鹿田遺跡第7次調査出土のサル形木製品
写真のお猿さんは、岡山市鹿田遺跡第7次調査で出土した、非常にめずらしいサルを形どった木製品です。頭には烏帽子をかぶり、顔とおしりを赤く塗っており、わかりにくいですが手と体毛を黒い色で表現しています。体の中央に穴が開いており、足の先は何かを差し込んだような凹みがあります。
大きさは。高さ9.3センチ、幅3.5センチ、厚さ1.5センチ。
このお猿さんは、中世の巨大な四角にめぐると考えられる溝のなかから出土しました。時期は14世紀頃ですので、鎌倉時代の終わりから室町時代の始めまでの間の可能性があります。
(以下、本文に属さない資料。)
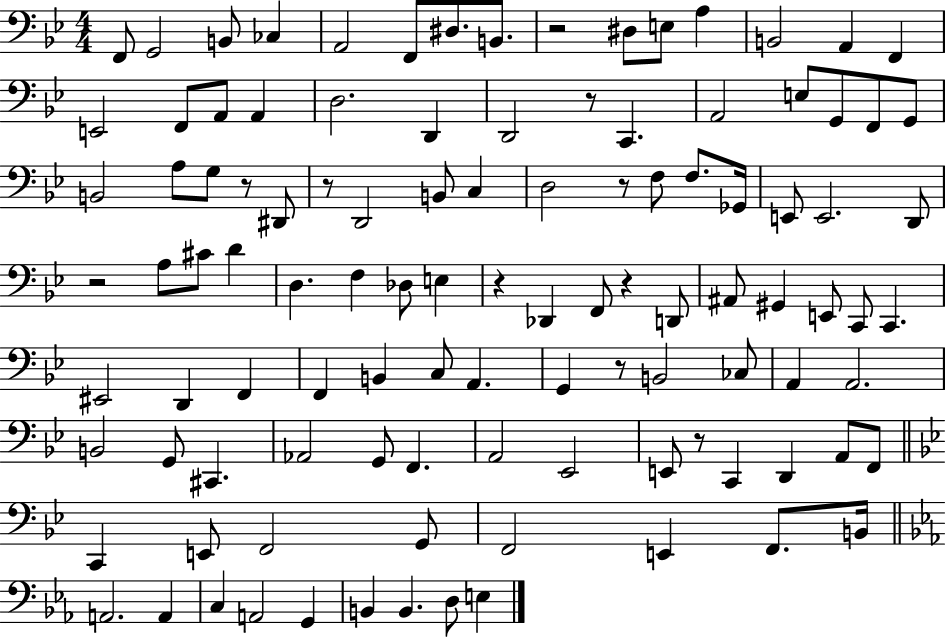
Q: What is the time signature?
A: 4/4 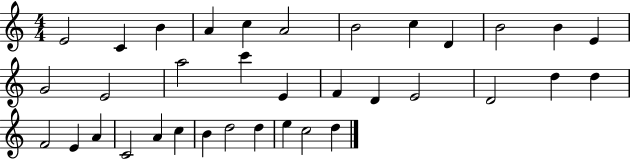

さて、このお猿さんは一体何で、何に使われたのでしょうか。烏帽子をかぶったサルの容姿からして、すぐに思い付くのが猿まわしに関連するのではないかという推測です。鎌倉時代の文献に吉備の美作の国から猿を連れてきて、舞わせたという記述があり、同じ岡山であるいという偶然からして可能性が高いでしょう。もし、そうであるとすれば芸能史的・風俗史的にみて非常に興味深いことです。
その他、岡山県等では馬屋の守り神として猿が崇拝されていましたが、そのような場面に使われたものかもしれません。